In the whole climate system, one of the major areas of research is what the changes will be in terms of how much sunlight is reflected away from the Earth and what the consequences of that are. Since snow is white and mostly reflects sunlight while ocean water is dark and absorbs it, changes in the amount of snow and ice in the Arctic are incredibly important to understand because they affect the energy budget for the globe.

What’s one thing most people don’t know about Arctic research but would be surprised or intrigued to learn about?
Many people assume we have the same ability to forecast weather and abrupt changes in weather systems in the Arctic region [as we do in other regions]. However, we simply don’t have the same scope of observations systems or track record to understand what combinations of factors can cause changes in weather in the Arctic like we do in the Lower 48.

There are also changes that are surprising people who live in the Arctic itself. For example, I visited Barrow, Alaska, a few years ago. When I arrived, there were a number of kids and city officials watching the surf crashing on the shoreline. Having seen surf crash along the California coast, I thought, “What’s the big deal?”

They said they’ve never seen this before; there used to be sea ice that would dampen the waves from storms. With no sea ice, there was now a long fetch of open water. This meant waves could build up and result in very significant surf right up the shore, which is now a big cause of coastal erosion.

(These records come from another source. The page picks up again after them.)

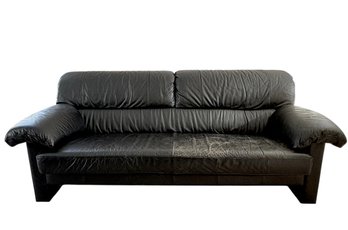 1980s Ekornes Swedish Black Leather Sofa  76' Long
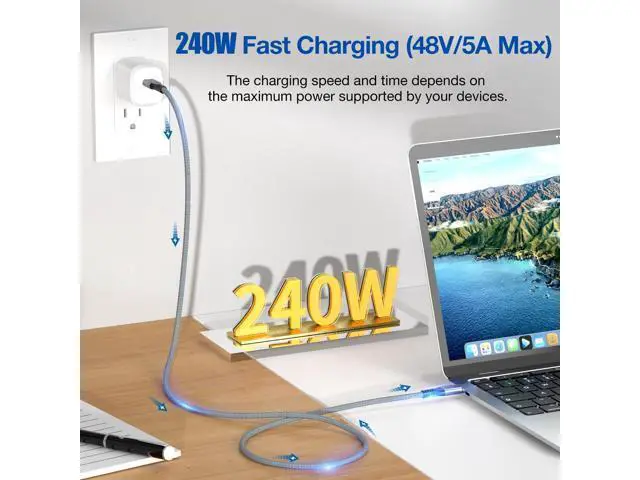 Alt view image 7 of 7 - UseBean USB C to USB C Cable 10 ft 2Pack, 4K Video Monitor Display USBC 3.2 Gen 2 Data Cable 20Gbps, 240W Type-C Fast Charging Cord, for Thunderbolt 3/4 MacBook, iPad, iPhone 16, Galaxy S25/S24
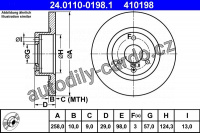Brzdový kotouč ATE 24.0110-0198 (AT 410198) - CITROËN Brzdový kotouč ATE 24.0110-0198 (AT 410198) - CITROËN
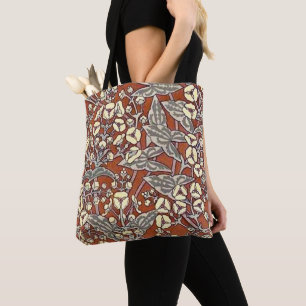 cream flowers brown background print tote bag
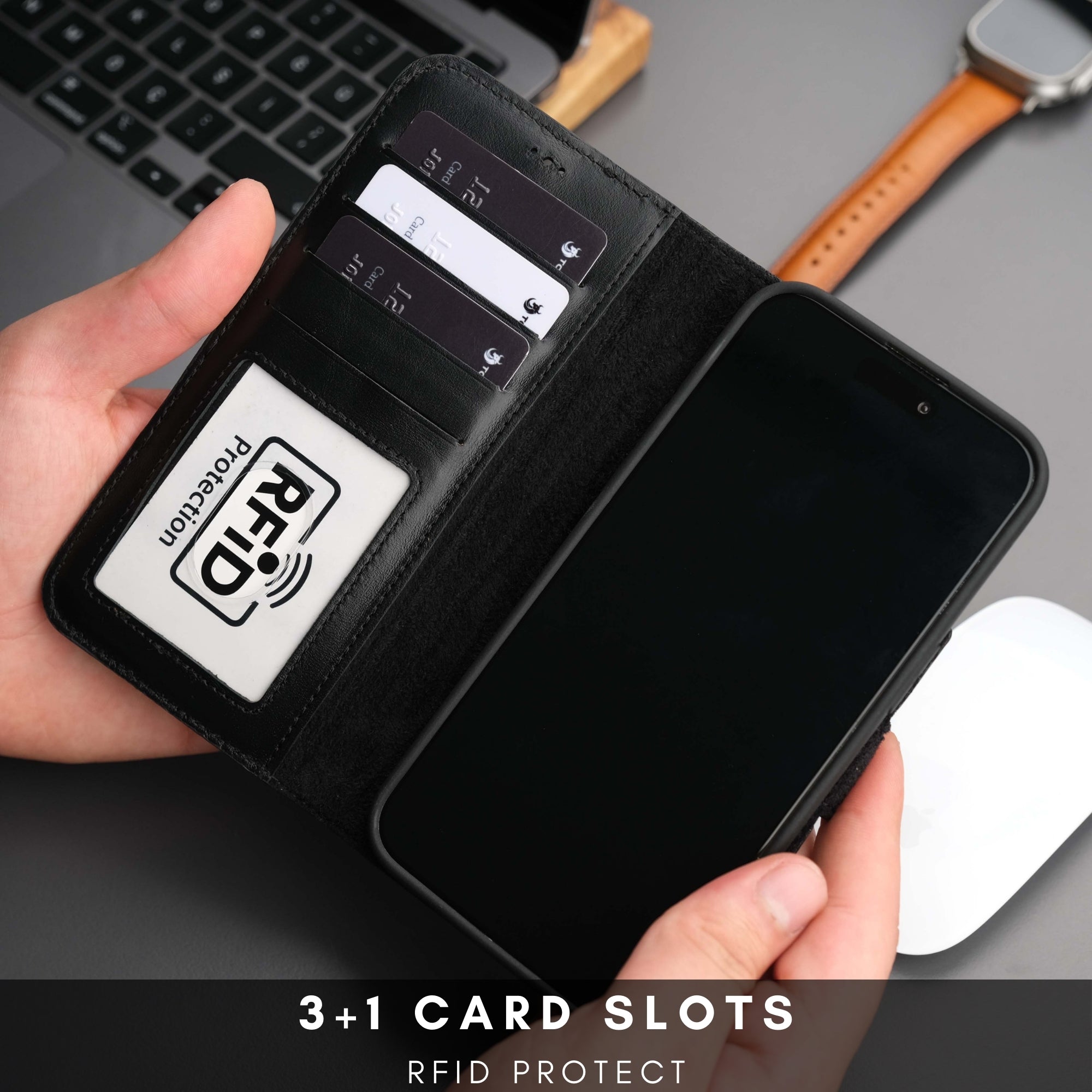 Black leather iPhone 14 Plus wallet case with 3 card slots and RFID window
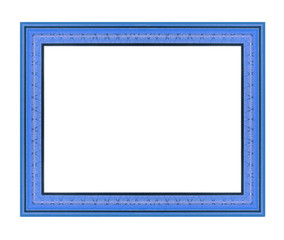 Wall Mural - blue picture frame isolated on white background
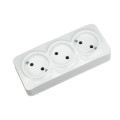 Розетка потрійна без заземлення біла POWER MAX-3 HOROZ ELECTRIC 104-008-0001-010
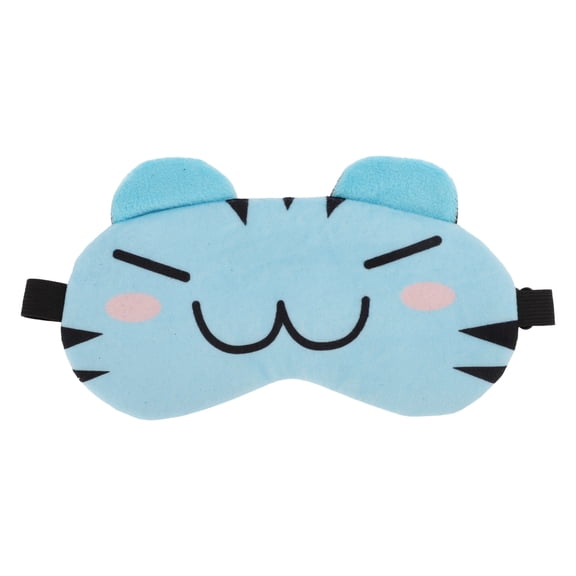 Unique Bargains Soft Cartoon W-Mouth Sleep Mask Light Blue Eye Shade Cover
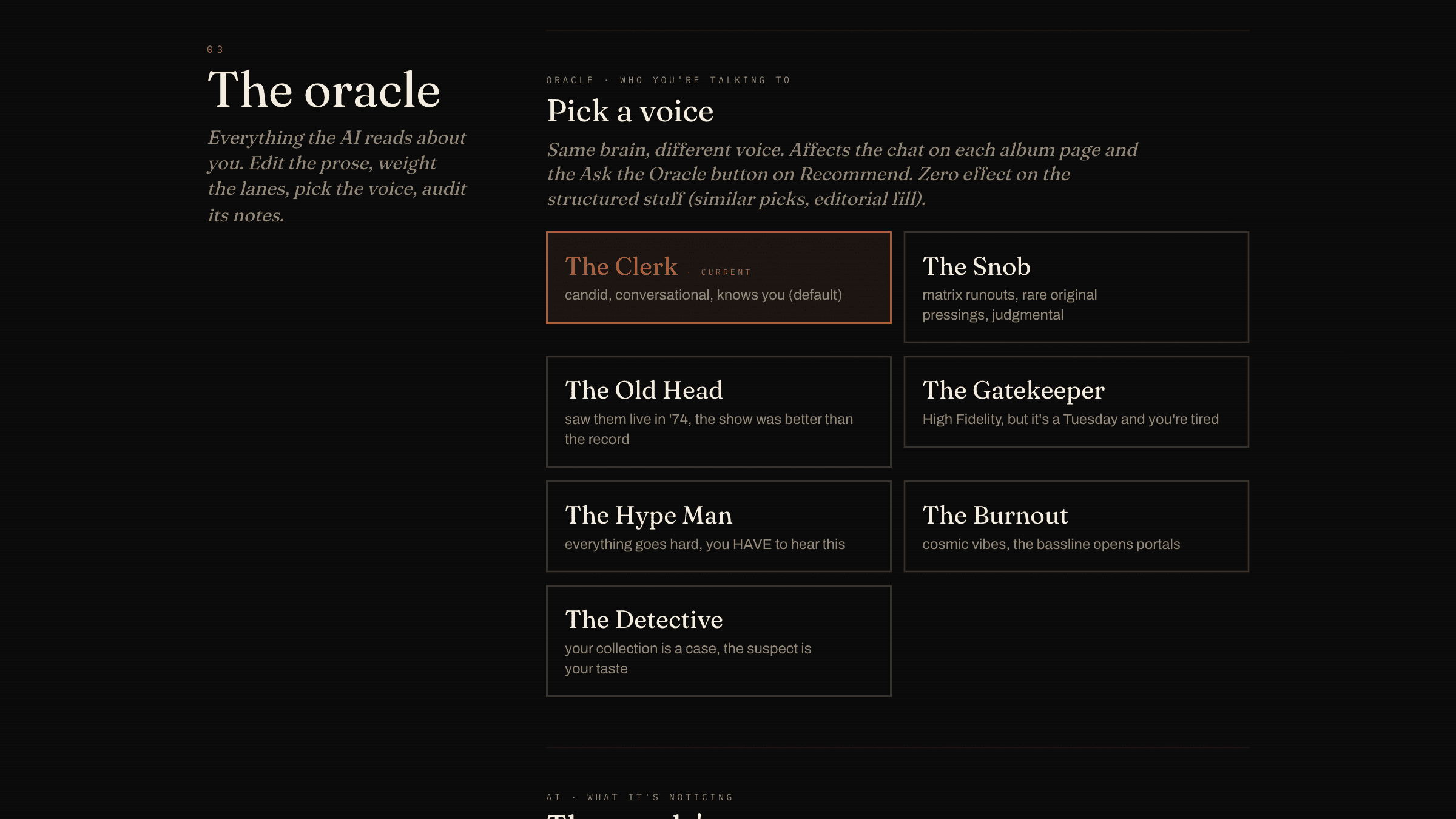 The persona picker, seven voices for the Oracle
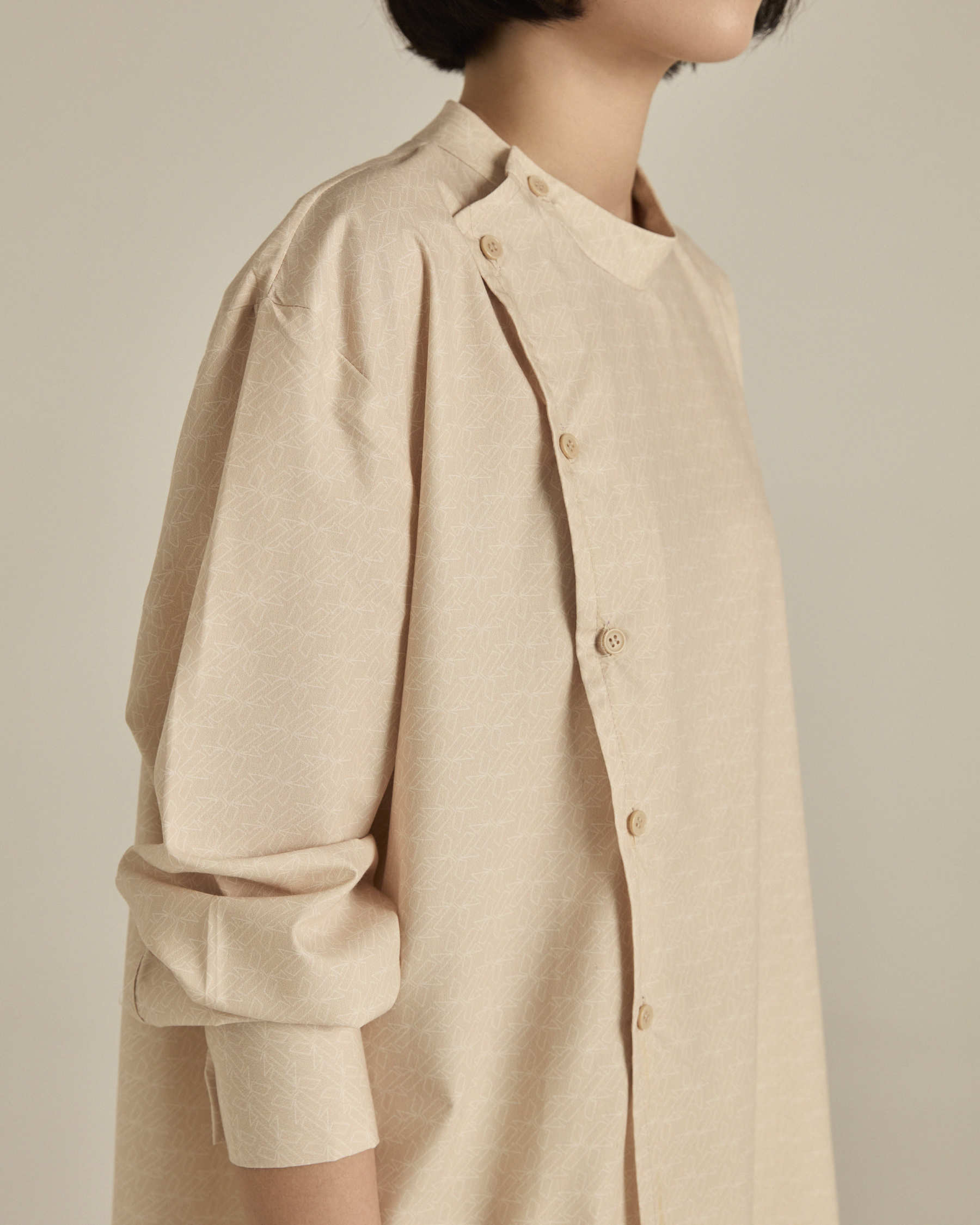 Nude Asymmetric Printed Shirt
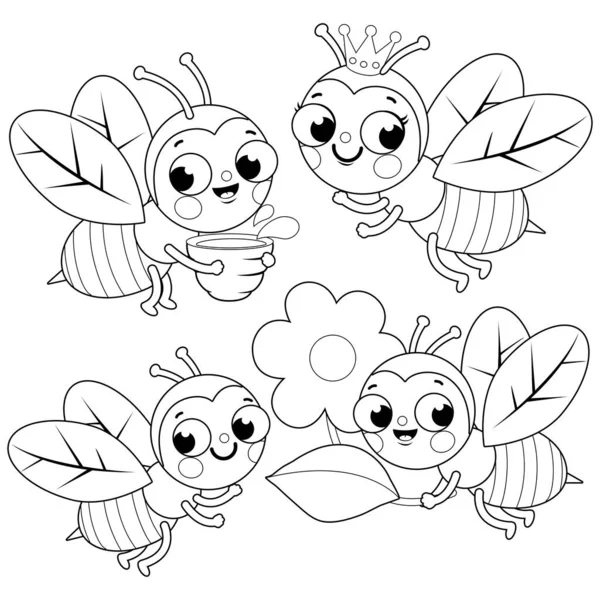 Jolies Abeilles Coloriage Vectoriel Noir Blanc — Image vectorielle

How can the Arctic Report Card help inform policymakers and the public?
A key role of science is to inform our understanding of what’s happening to the world around us and what the consequences of different choices we make might be. The reason there’s a big push for research in the Arctic is it’s changing so rapidly and it has such huge consequences for the rest of world; yet we don’t understand a lot of it. Getting a better handle on Arctic science and the ways it’s changing has an immediate benefit by informing decision-making.

I believe Arctic science should be accessible, relevant, and understandable to citizens as well as policymakers since the Arctic is such a special place; and it’s important for scientists to help share that information in ways that are just that.